2. Heat them in the countertop oven (on a cart in the school courtyard).
3. I purchased a 20-ton hydraulic press to press the melted HDPE into blocks.
4. We also used the grant money to purchase a small desktop CNC machine that will be used exclusively with the HDPE blocks we make. Then we’ll create products out of the recycled milk jugs.
But shredding is the obstacle currently. Manually I made a wooden wheel with some weights attached. It works and all the connections are secure (no snapping of pins, etc.), but it gets extremely difficult to hand-crank when the milk bottle bunches up. Lots of reversing and repositioning of the material, which is no big deal with doing it manually. I’m there the whole time for safety and I’m the only one allowed to reach into the chamber.
Anyway, that brings us to this winch. If it’s strong enough to tear through milk jugs and shampoo bottles then we’re all set. I’m not at all worried about continuous running (heat on motor) because we’ll do one bottle at a time and part of the fun is the shredding each student can do.

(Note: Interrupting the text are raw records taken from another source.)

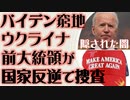バイデン危機　ウクライナ疑惑　ポロシェンコ前大統領　国家反逆罪で捜査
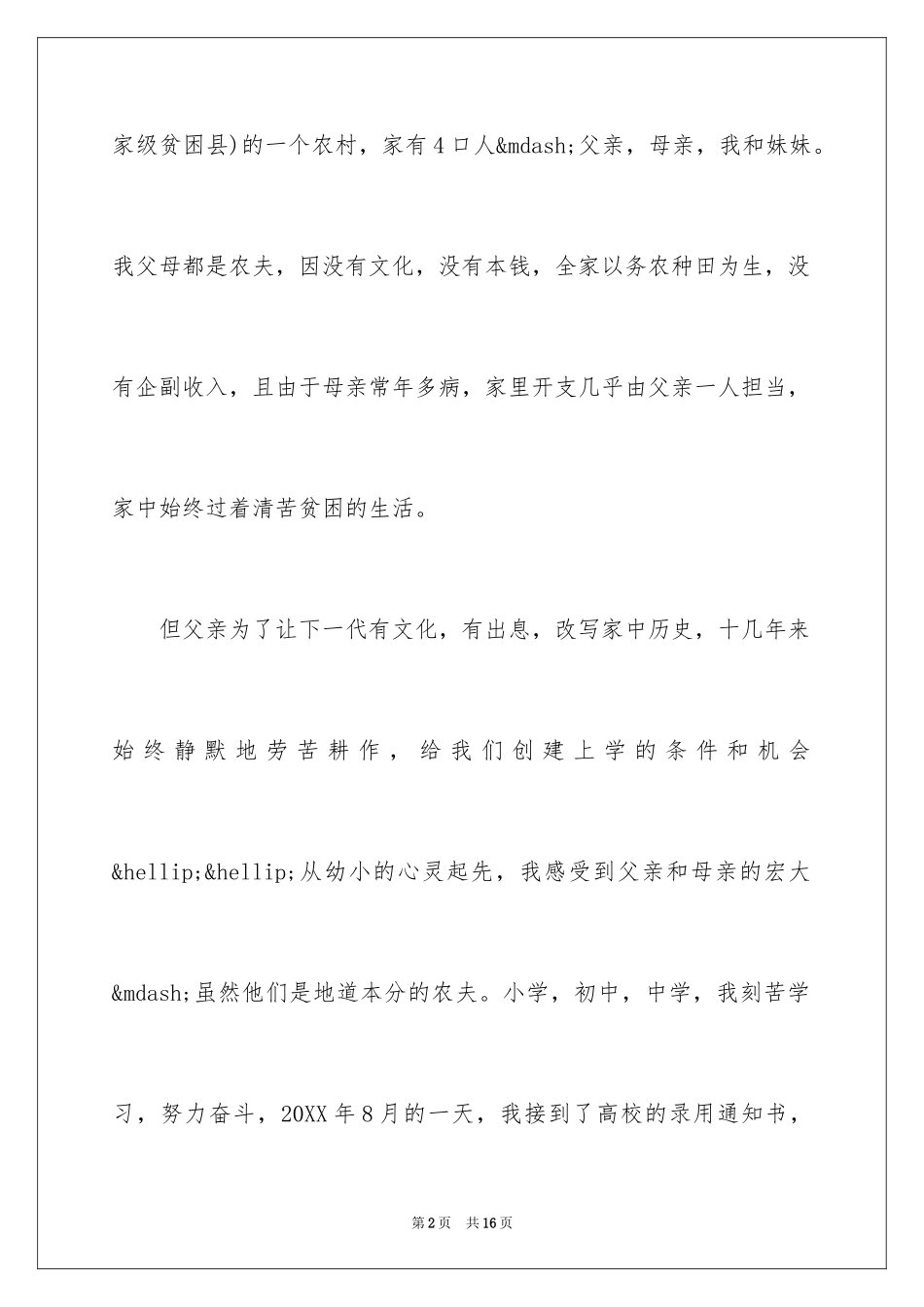 2024助学金申请理由_第2页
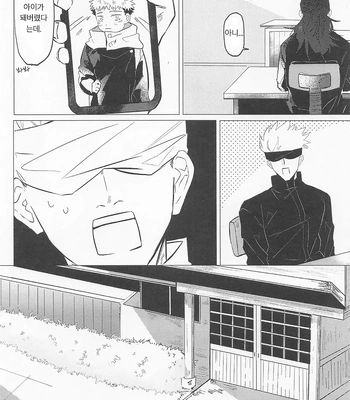 [Sorairo Revolver (Mattsun)] Sekaiichi Kawaii Kimi e – to you the cutest person in the world – Jujutsu Kaisen dj [Kr] – Gay Manga sex 7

The winch has buttons for forward and reverse. And I suppose it won’t be too difficult to couple it to the shredder shaft.
Any thoughts? I really appreciate the advice on this forum. I’m very new to all of this.
Thank you.
Mike
PS: I added a photo of our manual crank. It’s okay, but I took it apart. Not good enough because there isn’t enough inertia to get past the harder spots.
I’m tempted by going to a motor too, but if your school has a welder in the shop area, it might be worth fabricating a hand crank with a large flywheel.
There are a few YouTube videos about hand crank shredders. The one I liked (https://www.youtube.com/watch?v=3Q8HE_6JMpU) eventually had a 5:1 gear ratio with a 40 pound, appx 3 foot diameter flywheel. They put the flywheel on the shredder shaft at about 10 RPM, but I’d put it on the crank shaft instead since it runs at 50 RPM. I think they went to chain drive after the belt slipped too much.
I’m working on a pedal powered shredder with a 20″ flywheel of a similar weight, although mine will hopefully be heavier. I anticipate a 90 rpm operational speed at the flywheel, with the shredder rotating at as low as 20 rpm (4.6:1). Bike chains and cogs are great for availability but unfortunately you will be limited to between 13 and 65 teeth unless you gear down in two stages. 65 tooth chainrings, to my knowledge, are only available on Schwinn Exercisers which were made from 1966 to 1982.
I can sympathize with your interest in a motor. But if you decide to continue with human power I’d love to see it. Actually, with a bunch of kids around, why don’t you run it off a capstan? Recess will never be the same.